● Supplied material
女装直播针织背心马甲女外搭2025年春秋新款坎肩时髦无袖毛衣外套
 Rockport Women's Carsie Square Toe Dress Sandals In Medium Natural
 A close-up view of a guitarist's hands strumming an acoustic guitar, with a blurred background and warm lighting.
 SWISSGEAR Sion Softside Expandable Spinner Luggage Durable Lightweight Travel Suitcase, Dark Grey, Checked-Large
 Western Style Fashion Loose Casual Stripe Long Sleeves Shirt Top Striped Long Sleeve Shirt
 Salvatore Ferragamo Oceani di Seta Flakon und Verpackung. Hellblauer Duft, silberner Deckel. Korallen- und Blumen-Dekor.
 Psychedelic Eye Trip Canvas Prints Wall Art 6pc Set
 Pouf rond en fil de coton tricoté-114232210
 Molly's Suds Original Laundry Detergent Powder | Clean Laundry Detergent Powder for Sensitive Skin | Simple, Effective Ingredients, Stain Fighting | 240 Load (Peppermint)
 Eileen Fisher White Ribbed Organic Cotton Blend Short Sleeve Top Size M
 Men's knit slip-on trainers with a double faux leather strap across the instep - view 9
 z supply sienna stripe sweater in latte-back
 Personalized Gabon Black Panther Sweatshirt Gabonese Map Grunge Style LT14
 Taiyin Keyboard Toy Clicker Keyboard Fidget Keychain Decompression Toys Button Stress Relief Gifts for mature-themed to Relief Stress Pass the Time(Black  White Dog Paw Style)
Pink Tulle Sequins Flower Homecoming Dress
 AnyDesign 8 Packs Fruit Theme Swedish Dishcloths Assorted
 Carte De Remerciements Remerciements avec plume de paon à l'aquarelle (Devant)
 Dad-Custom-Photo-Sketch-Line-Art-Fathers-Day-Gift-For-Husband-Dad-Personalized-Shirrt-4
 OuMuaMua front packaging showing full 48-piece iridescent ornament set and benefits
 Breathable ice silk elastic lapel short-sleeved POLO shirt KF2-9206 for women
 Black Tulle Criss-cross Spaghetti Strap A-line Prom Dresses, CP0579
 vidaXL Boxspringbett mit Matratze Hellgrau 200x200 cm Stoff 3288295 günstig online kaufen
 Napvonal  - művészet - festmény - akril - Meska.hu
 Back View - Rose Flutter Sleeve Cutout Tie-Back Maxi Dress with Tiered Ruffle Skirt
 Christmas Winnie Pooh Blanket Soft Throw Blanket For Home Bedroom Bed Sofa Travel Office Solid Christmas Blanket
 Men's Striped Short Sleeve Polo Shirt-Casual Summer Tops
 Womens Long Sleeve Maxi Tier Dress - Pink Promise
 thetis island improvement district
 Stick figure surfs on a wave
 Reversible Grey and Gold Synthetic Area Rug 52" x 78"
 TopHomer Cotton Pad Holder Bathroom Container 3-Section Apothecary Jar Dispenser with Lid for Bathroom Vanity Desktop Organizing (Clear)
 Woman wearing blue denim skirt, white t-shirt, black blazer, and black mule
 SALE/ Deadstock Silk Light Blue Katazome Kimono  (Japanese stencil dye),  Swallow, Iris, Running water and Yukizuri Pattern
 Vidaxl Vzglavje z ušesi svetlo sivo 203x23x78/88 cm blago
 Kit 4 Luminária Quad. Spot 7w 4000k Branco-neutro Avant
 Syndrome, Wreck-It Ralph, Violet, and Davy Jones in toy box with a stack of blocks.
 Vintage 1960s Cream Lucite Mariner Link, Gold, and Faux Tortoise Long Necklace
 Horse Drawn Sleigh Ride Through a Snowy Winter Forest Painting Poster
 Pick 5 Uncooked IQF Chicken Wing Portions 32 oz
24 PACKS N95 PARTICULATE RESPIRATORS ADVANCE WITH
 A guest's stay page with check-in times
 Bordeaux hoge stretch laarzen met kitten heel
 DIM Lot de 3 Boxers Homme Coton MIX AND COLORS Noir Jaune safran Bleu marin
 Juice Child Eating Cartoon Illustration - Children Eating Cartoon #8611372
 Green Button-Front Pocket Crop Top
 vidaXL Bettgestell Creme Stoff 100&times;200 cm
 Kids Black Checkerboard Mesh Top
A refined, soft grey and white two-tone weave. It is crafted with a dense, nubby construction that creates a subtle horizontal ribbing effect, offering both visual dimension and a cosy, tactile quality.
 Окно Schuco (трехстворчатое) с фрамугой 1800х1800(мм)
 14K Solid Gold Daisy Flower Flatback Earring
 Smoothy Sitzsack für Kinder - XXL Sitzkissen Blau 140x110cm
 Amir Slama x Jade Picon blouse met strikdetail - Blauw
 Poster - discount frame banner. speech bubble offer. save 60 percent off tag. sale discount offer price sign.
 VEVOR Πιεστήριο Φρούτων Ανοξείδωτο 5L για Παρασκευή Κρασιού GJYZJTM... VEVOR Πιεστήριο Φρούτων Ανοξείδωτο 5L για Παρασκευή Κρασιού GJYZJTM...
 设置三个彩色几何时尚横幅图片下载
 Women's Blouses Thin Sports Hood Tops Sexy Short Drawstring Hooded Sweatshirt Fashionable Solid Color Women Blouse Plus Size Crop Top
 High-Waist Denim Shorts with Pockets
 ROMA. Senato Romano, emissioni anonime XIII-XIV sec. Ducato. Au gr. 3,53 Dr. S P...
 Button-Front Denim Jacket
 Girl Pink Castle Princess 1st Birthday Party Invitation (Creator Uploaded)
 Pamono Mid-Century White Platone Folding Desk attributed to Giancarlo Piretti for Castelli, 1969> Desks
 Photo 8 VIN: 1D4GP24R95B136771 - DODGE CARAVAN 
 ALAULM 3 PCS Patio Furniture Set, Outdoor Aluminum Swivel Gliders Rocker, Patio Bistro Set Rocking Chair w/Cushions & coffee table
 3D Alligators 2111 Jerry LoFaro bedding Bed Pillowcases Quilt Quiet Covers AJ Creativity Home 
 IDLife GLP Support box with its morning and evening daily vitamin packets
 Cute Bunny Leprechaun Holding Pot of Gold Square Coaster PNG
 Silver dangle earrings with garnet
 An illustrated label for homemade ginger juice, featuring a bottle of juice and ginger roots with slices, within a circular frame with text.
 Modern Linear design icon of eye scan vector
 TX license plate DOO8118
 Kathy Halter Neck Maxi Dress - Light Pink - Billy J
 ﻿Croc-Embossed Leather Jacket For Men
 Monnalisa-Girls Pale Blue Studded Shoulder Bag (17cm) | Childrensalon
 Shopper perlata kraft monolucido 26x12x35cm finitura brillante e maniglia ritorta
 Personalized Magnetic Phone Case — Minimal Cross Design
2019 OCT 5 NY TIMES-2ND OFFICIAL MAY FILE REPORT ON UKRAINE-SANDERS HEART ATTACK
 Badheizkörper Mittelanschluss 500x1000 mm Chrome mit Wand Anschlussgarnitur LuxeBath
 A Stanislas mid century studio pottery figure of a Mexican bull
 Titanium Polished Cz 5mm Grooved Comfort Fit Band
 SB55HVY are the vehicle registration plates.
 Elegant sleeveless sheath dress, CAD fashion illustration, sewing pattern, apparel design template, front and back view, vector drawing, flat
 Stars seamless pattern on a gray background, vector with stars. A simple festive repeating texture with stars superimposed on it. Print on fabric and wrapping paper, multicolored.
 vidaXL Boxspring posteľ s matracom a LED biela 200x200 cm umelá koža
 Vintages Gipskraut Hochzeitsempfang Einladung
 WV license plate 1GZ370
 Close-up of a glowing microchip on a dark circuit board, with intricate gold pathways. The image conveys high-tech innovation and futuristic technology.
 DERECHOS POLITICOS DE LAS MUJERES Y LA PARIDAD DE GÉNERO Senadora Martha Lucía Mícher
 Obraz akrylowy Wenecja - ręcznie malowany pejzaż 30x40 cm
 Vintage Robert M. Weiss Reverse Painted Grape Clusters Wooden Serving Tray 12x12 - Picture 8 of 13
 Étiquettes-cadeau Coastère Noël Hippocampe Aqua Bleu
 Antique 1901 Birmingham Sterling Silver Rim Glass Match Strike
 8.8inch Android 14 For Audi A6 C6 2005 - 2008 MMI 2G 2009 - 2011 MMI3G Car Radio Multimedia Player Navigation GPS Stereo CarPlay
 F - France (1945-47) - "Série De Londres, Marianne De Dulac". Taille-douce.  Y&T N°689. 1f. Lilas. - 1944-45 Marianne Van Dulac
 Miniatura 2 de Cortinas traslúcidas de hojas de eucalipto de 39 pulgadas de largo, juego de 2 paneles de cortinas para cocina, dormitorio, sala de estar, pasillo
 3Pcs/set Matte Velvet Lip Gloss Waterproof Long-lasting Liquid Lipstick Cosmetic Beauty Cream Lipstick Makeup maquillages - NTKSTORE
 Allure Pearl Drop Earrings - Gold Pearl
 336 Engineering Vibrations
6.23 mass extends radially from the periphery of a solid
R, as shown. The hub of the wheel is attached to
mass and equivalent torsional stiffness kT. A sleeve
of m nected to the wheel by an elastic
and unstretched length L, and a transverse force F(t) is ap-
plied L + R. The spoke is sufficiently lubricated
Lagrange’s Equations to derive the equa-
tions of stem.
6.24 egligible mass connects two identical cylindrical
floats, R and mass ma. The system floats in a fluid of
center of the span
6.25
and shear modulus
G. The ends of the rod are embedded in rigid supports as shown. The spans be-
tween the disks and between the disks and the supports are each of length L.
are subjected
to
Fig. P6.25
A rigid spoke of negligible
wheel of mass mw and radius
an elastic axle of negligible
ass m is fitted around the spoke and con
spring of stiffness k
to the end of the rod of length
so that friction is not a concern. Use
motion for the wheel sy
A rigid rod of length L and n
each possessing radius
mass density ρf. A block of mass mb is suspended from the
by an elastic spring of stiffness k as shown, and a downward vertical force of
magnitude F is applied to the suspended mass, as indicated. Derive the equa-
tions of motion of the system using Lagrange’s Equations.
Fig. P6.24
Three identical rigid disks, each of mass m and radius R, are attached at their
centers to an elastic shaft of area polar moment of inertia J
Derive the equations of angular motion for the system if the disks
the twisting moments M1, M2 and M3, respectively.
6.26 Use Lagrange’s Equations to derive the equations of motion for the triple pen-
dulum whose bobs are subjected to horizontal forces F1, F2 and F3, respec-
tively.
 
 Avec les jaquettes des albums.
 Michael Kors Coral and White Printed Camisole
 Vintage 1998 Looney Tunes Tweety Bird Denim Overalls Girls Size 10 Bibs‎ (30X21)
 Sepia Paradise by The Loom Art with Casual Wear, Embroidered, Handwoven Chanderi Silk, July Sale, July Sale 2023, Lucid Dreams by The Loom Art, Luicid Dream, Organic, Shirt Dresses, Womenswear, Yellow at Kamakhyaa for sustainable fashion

● Work request
The required answer is the exact run of lines above starting at the line with "Stars seamless pattern" and ending at the line with "WV license plate 1GZ370", with both ends present.

● Task result
 Stars seamless pattern on a gray background, vector with stars. A simple festive repeating texture with stars superimposed on it. Print on fabric and wrapping paper, multicolored.
 vidaXL Boxspring posteľ s matracom a LED biela 200x200 cm umelá koža
 Vintages Gipskraut Hochzeitsempfang Einladung
 WV license plate 1GZ370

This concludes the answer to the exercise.